> _Requirement_: Your answer must be the lines from the one containing "Meyco Baby Herringbone" through the last line below, copied exactly, with no pictures.

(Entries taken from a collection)

++++

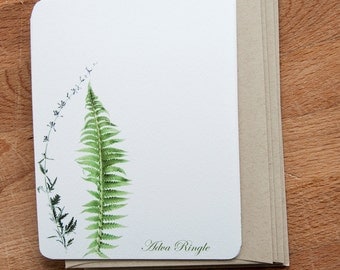 Fern and Flower Stationary Note Card Set, Personalized Stationery, Botanical Cards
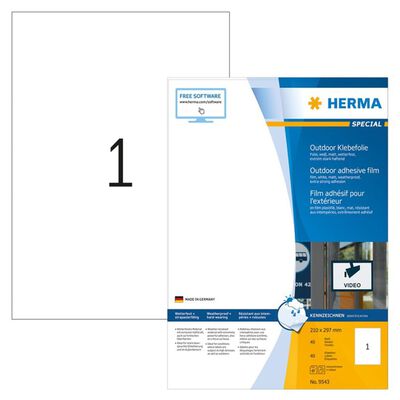 HERMA Folie-etiketten weerbestendig 40 vellen A4 210x297 mm wit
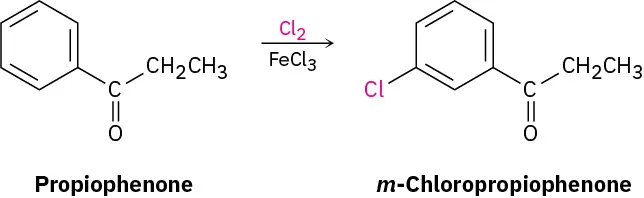 Propiophenone reacts with chlorine in the presence of iron trichloride to form m-chloropropiophenone.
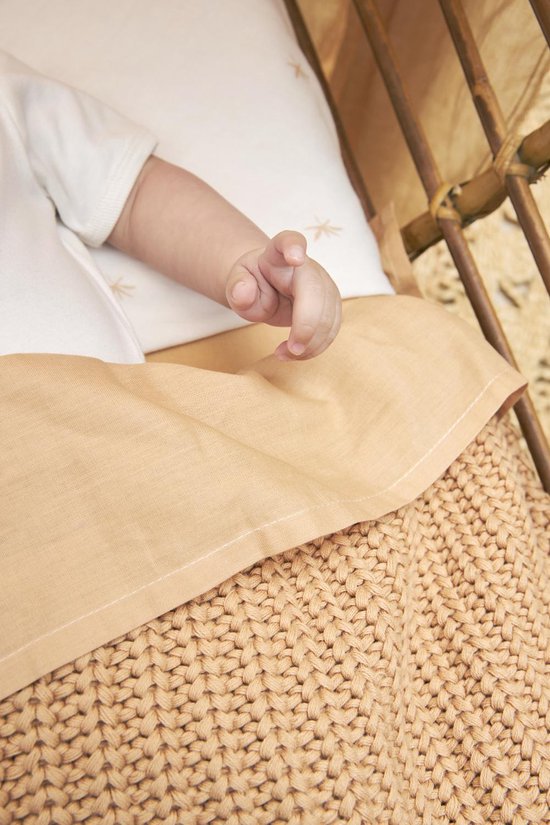 Meyco Baby Herringbone velvet wiegdeken - warm sand - 75x100cm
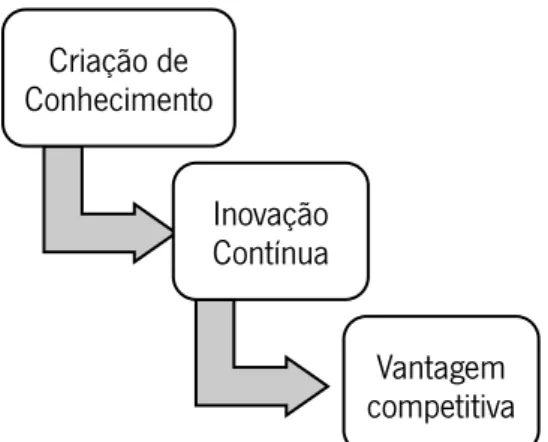 Figura 6 - Foco no conhecimento como um recurso competitivo. Adaptado de Nonaka e Takeuchi  (1995, p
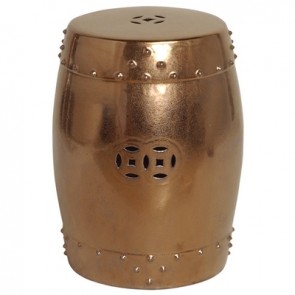 Metallic Ceramic Garden Stool Gold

++++

> _Answer area_:
 Meyco Baby Herringbone velvet wiegdeken - warm sand - 75x100cm
 Figura 6 - Foco no conhecimento como um recurso competitivo. Adaptado de Nonaka e Takeuchi  (1995, p
 Metallic Ceramic Garden Stool Gold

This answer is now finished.